→ **Your goal**
The output should be the listing below, limited to the lines from the one with "white footprints of a cat or dog on orange white" through the one with "cartoon style. 97008770", exact and without pictures.

→ **Data for this exercise**
* * *

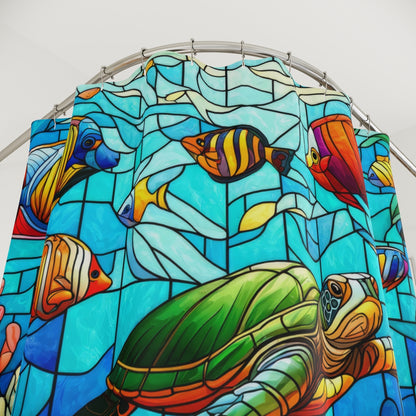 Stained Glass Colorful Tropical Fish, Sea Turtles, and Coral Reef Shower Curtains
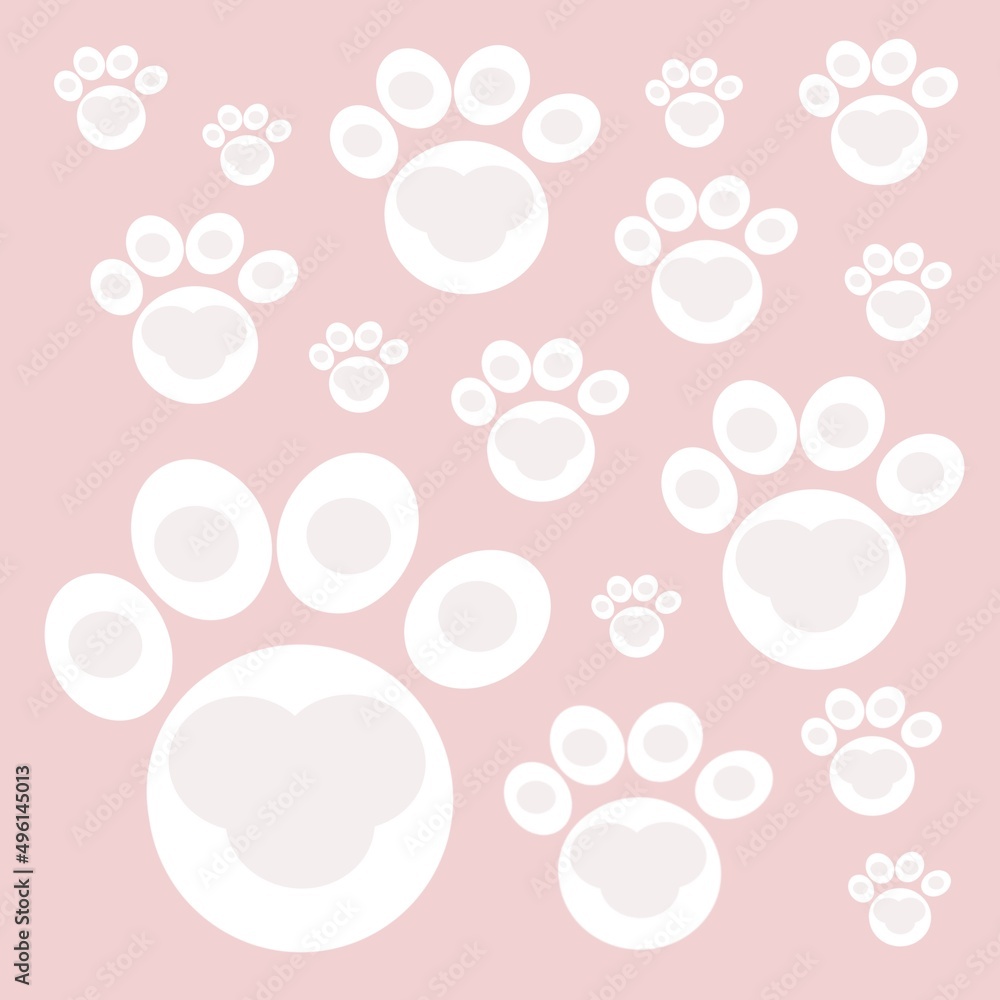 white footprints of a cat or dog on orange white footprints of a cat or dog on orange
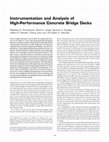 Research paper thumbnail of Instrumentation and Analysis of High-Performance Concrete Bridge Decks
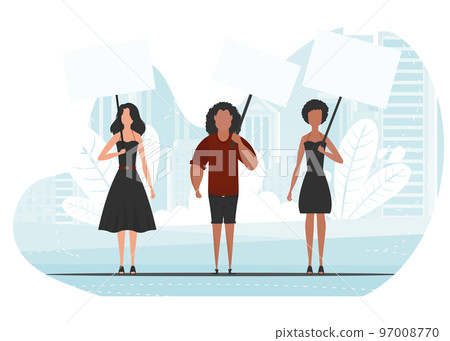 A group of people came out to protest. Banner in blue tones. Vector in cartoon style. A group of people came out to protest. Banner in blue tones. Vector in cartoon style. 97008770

* * *

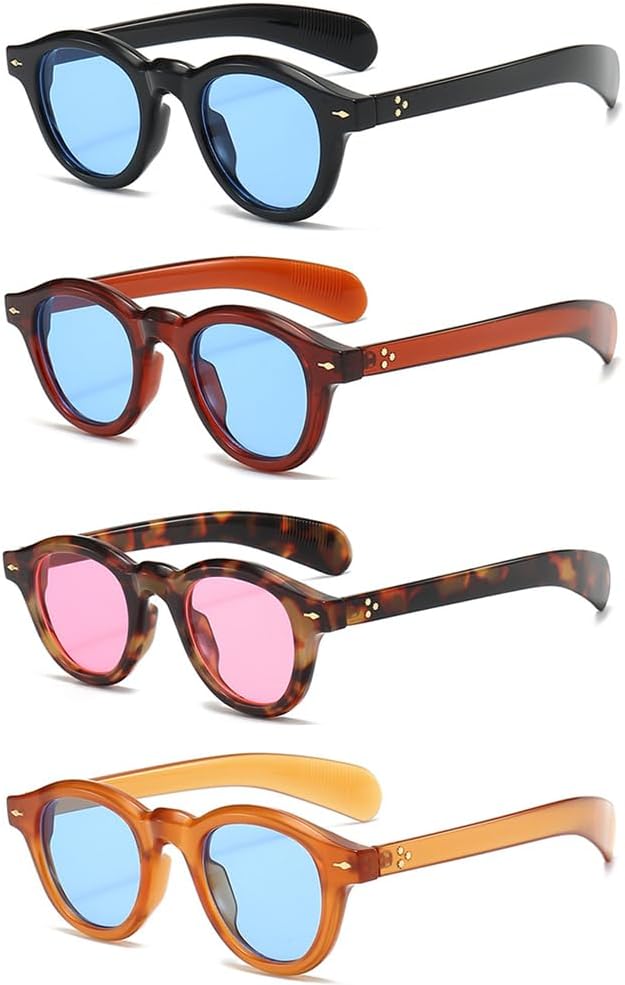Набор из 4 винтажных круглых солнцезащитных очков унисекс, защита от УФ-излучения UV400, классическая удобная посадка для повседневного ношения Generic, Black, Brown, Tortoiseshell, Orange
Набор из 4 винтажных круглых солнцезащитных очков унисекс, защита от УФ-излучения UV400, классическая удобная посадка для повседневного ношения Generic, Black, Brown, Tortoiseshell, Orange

* * *

→ **Result**
 white footprints of a cat or dog on orange white footprints of a cat or dog on orange
 Research paper thumbnail of Instrumentation and Analysis of High-Performance Concrete Bridge Decks
 A group of people came out to protest. Banner in blue tones. Vector in cartoon style. A group of people came out to protest. Banner in blue tones. Vector in cartoon style. 97008770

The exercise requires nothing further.